# Task to carry out
Once you find the line with "Téléchargez le livre" in the data that follows, repeat it and every line after it exactly, through the line with "How I Take Revenge".

# Material for this exercise
........
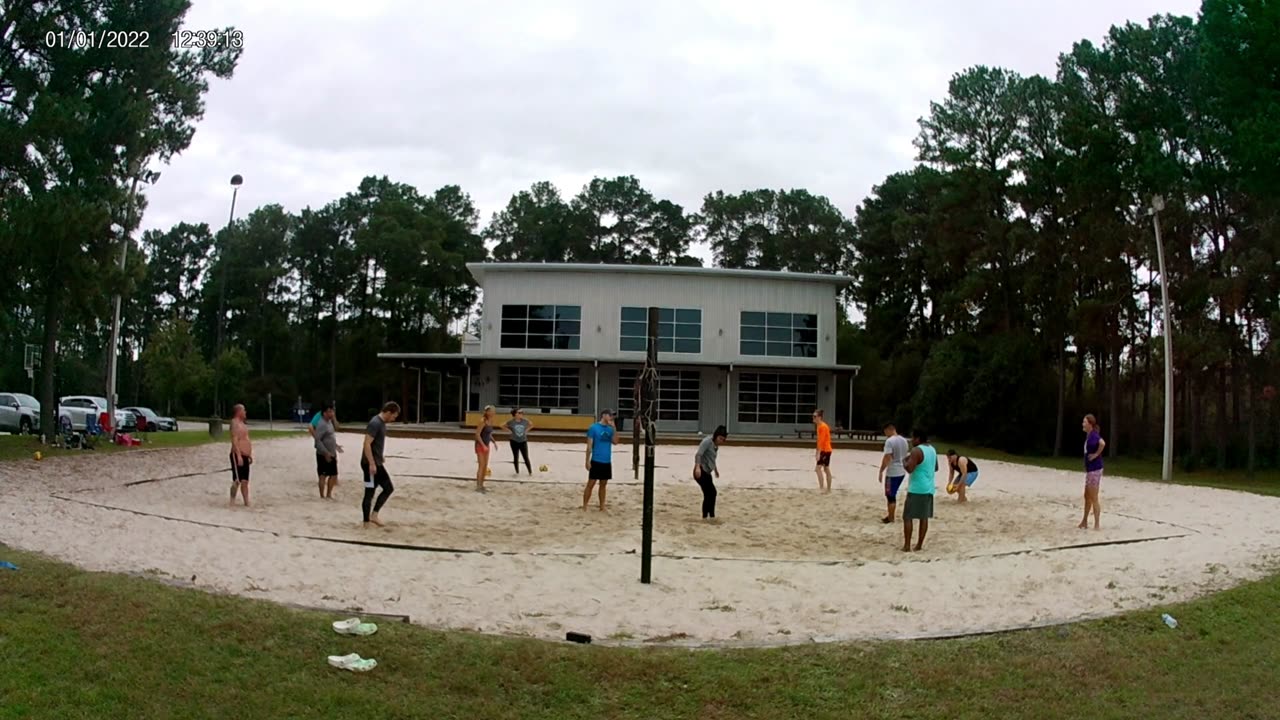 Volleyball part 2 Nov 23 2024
........
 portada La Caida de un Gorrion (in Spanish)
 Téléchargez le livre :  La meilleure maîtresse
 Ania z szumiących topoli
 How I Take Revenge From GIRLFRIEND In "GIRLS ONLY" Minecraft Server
........
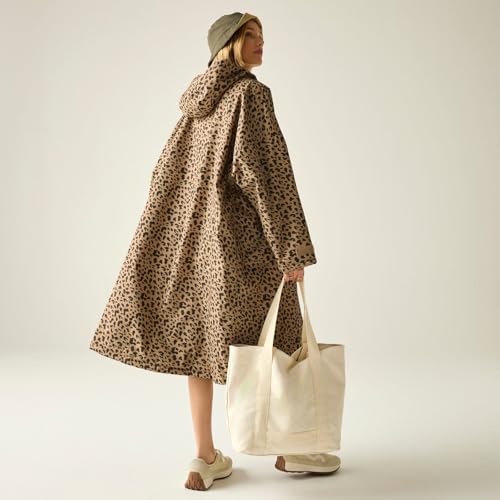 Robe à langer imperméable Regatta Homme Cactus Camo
........
# Response to the task
 Téléchargez le livre :  La meilleure maîtresse
 Ania z szumiących topoli
 How I Take Revenge From GIRLFRIEND In "GIRLS ONLY" Minecraft Server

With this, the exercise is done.